Sea to sea : Le Brexit ne risque-t-il pas de remettre en cause les objectifs généraux de la PCP et la durabilité de la pêche ( RMD, OD…)? Quels engagements la Commission peut-elle obtenir du Royaume-Uni ?

Karmenu Vella : Dans le cadre du futur partenariat économique avec le Royaume-Uni, nous établirons un nouvel accord de pêche concernant, entre autres, l'accès aux eaux et la répartition de quotas. Le projet d’accord politique approuvé par le Conseil européen (A50) le 25 novembre énonce des objectifs fermes en matière de coopération future en matière de préservation des ressources, ce qui est essentiel compte tenu de l’ampleur du stock partagé à gérer conjointement.
 

Dans les négociations sur ce futur accord de pêche avec le Royaume-Uni, qui sera un partenaire stratégique important de l'UE dans le secteur de la pêche, la Commission sera guidée par les mêmes objectifs et principes de la politique commune de la pêche que lors de ses négociations avec d'autres pays tiers. Au cours de ces négociations, elle visera à faire en sorte que le Royaume-Uni respecte également la nécessité de durabilité et de protection des stocks et que, dans le cadre du futur accord de pêche conclu avec le Royaume-Uni, nos propres mécanismes de conservation soient assortis de mesures similaires pour préserver les stocks de pêche.

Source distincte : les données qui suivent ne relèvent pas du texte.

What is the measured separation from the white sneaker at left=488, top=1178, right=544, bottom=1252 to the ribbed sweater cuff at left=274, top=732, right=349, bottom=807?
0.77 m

L'UE restera pleinement attachée à la mise en œuvre de tous les objectifs de la politique commune de la pêche, même après le départ du Royaume-Uni. Ceci inclut les objectifs de RMD et l'obligation de débarquement. Le départ du Royaume-Uni ne modifiera en aucun cas ces objectifs.

STS : Concernant l’Obligation de Débarquement qui doit être généralisée en 2019 : comment la Commission voit-elle sa mise en œuvre ? Des mesures d’accompagnement sont elles possibles pour les pêcheries multi-spécifiques ? 

K.V. : La réforme de la politique commune de la pêche (PCP) de 2013 visait à éliminer progressivement cette pratique inutile du rejet, grâce à l'introduction de l'obligation de débarquement. L'obligation de débarquement entrera pleinement en vigueur en 2019.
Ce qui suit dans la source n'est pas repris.